━━ Given material

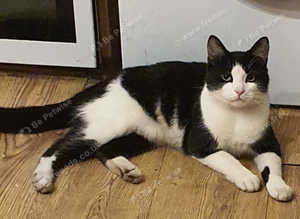 Cat for sale - urgent!!!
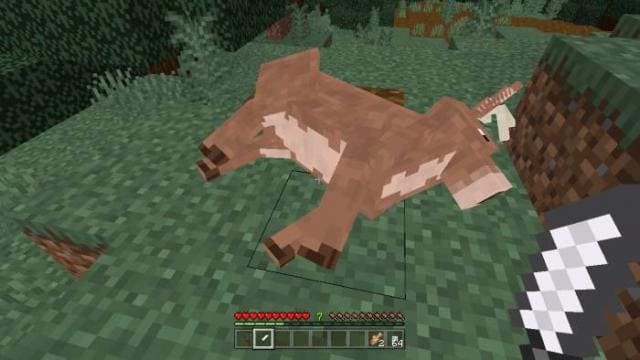 description_5 Hunting.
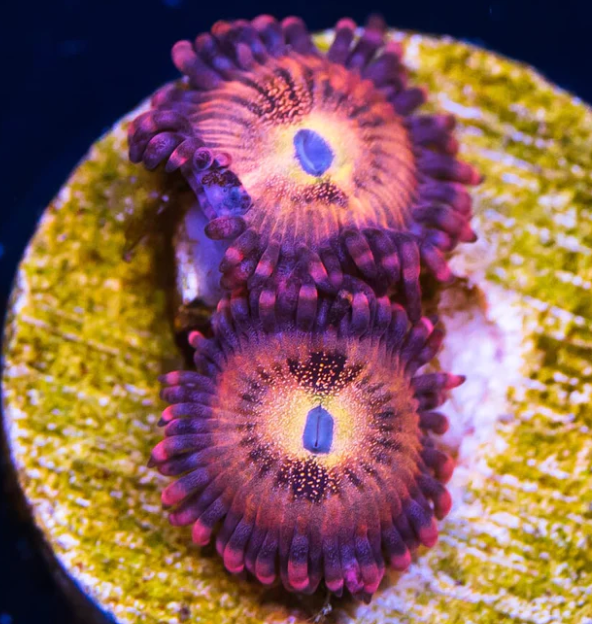 WWC Halle Berry Zoa Frag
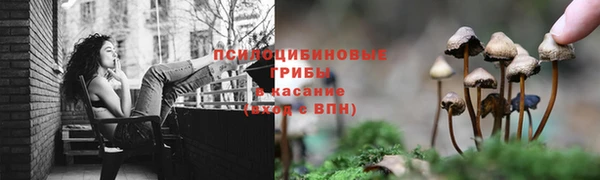 ПСИЛОЦИБИНОВЫЕ ГРИБЫ Алексеевка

━━━━

### Task prompt
All of the material above needs to be restated exactly, with no pictures.

### Output for this exercise
 Cat for sale - urgent!!!
 description_5 Hunting.
 WWC Halle Berry Zoa Frag
 ПСИЛОЦИБИНОВЫЕ ГРИБЫ Алексеевка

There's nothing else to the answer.